Re: Load Distributed Checkpoints, take 3

From: Tom Lane <tgl(at)sss(dot)pgh(dot)pa(dot)us>
To: Heikki Linnakangas <heikki(at)enterprisedb(dot)com>
Cc: Patches <pgsql-patches(at)postgresql(dot)org>
Subject: Re: Load Distributed Checkpoints, take 3
Date: 2007-06-21 14:47:31
Message-ID: 16289.1182437251@sss.pgh.pa.us
Views: Raw Message | Whole Thread | Download mbox | Resend email
Thread:
Lists: pgsql-patches

Heikki Linnakangas <heikki(at)enterprisedb(dot)com> writes:
> I don't think you understand how the settings work. Did you read the
> documentation? If you did, it's apparently not adequate.

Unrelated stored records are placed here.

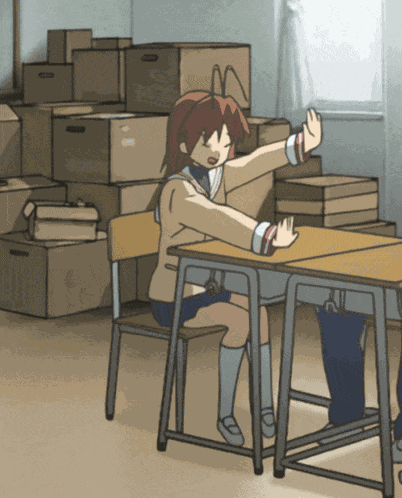 Clannad Nagisa GIF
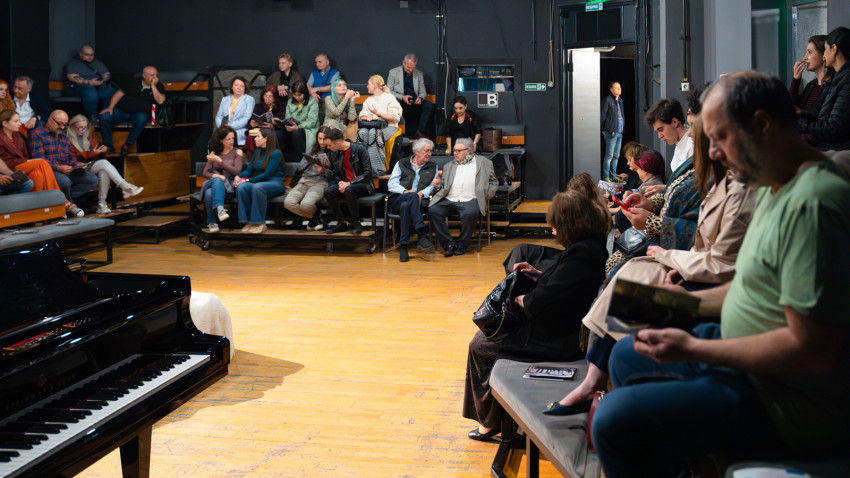 Cea de-a 8-a ediție Hoinar Festival are loc între 15 și 20 mai la Teatrul ACT și Ateneul Român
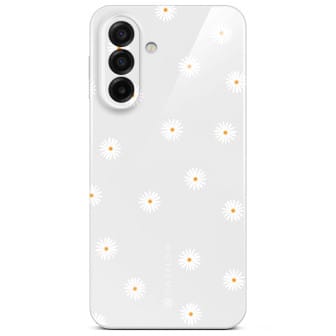ONEFLOW Splash Cover Samsung Galaxy A17 (4G) Design Muster – Daisy Delight ONEFLOW Splash Cover Samsung Galaxy A17 (4G) Design Muster – Daisy Delight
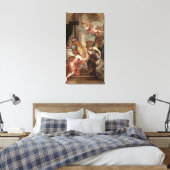 聖ボナベンチャーコミュニオン キャンバスプリント (インサイチュ (寝室))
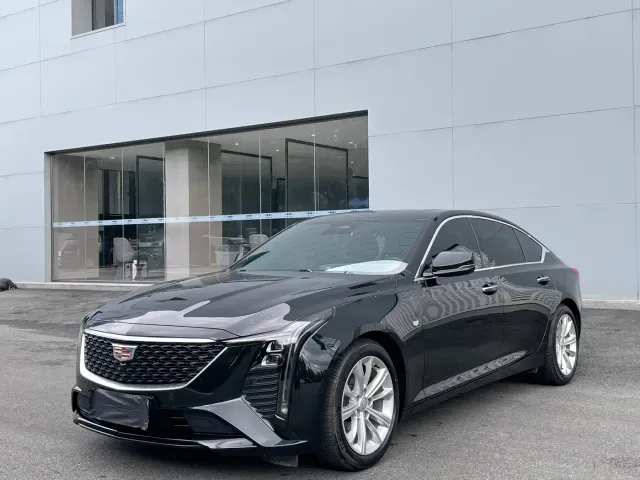 Фотография автомобиля — Cadillac CT5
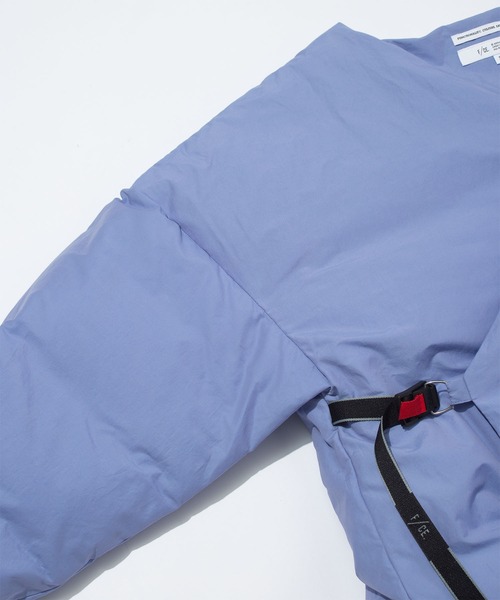 F/CE. （エフシーイー）の「F/CE. RECYCLED DOWN STRUCTURED WRAP JACKET / エフシーイー  リサイクルダウンストラクチャードラップジャケット（ダウンジャケット/コート・メンズ・ブラック/パープル/ベージュ/ネイビー・MEDIUM/SMALL）」の6枚目の写真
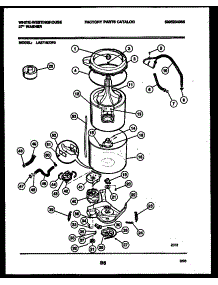 03 - Tub Detail parts for Frigidaire Washer LA271MXW3 from AppliancePartsPros.com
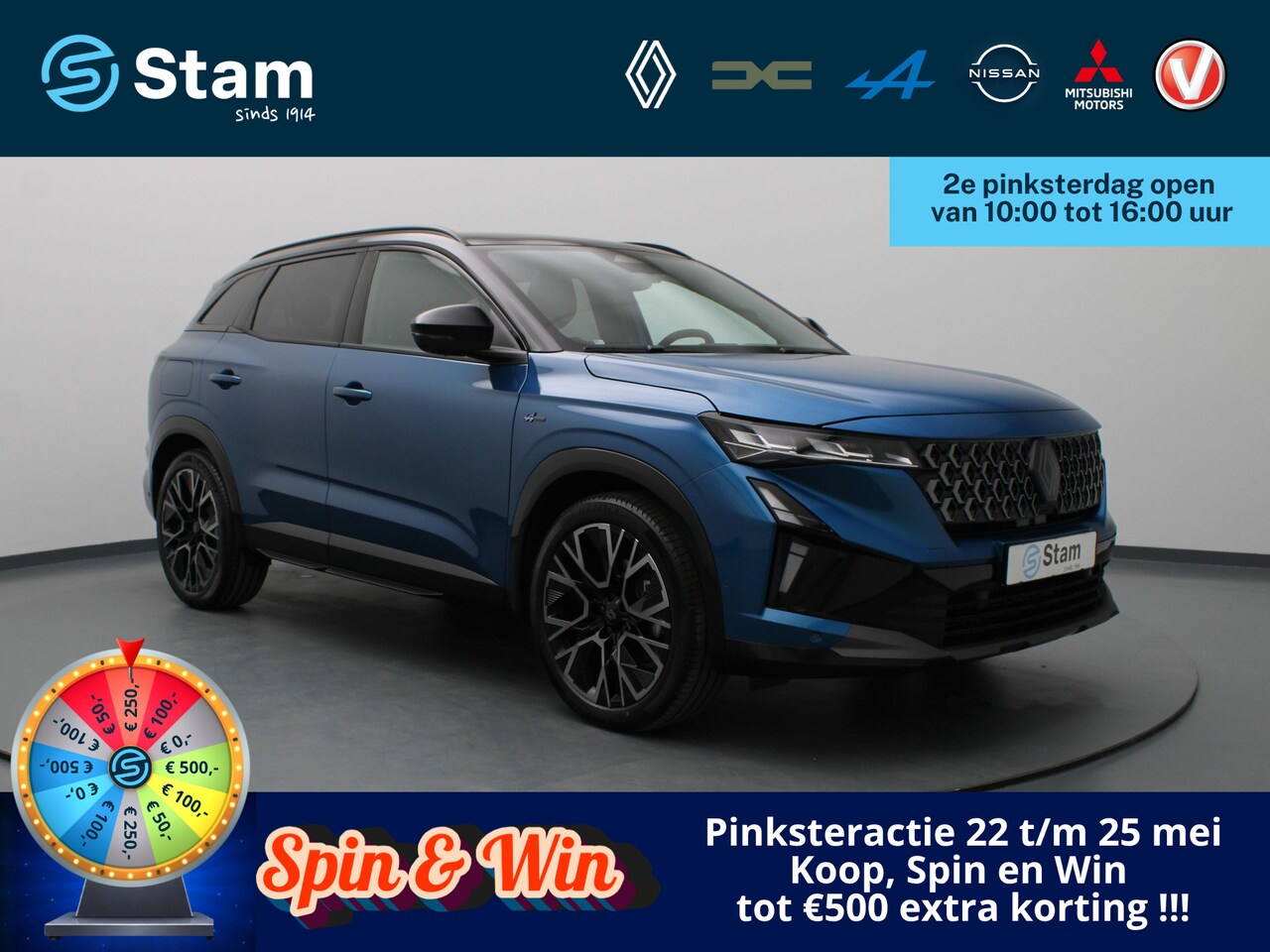Renault Austral - E-Tech full hybrid esprit Alpine 200pk Harman Kardon | Head-Up | 360° Camera | Stoel-/stuu - AutoWereld.nl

I did read the documentation, and I'm not complaining that I don't
understand it. I'm complaining that I don't like the presented API
because it's self-inconsistent. You've got two parameters that are in
effect upper and lower bounds for the checkpoint write rate, but they
are named inconsistently and not even measured in the same kind of unit.
Nor do I agree that the inconsistency buys any ease of use.

> The main tuning knob is checkpoint_smoothing, which is defined as a
> fraction of the checkpoint interval (both checkpoint_timeout and
> checkpoint_segments are taken into account). Normally, the write phase
> of a checkpoint takes exactly that much time.

So the question is, why in the heck would anyone want the behavior that
"checkpoints take exactly X time"?? The useful part of this whole patch
is to cap the write rate at something that doesn't interfere too much
with foreground queries. I don't see why people wouldn't prefer
"checkpoints can take any amount of time up to the checkpoint interval,
but we do our best not to exceed Y writes/second".

Basically I don't see what useful values checkpoint_smoothing would have
other than 0 and 1. You might as well make it a bool.

> There's another possible strategy: keep the I/O rate constant, but vary
> the length of the checkpoint. checkpoint_rate allows you to do that.

But only from the lower side.

> Now how would you replace checkpoint_smoothing with a max I/O rate?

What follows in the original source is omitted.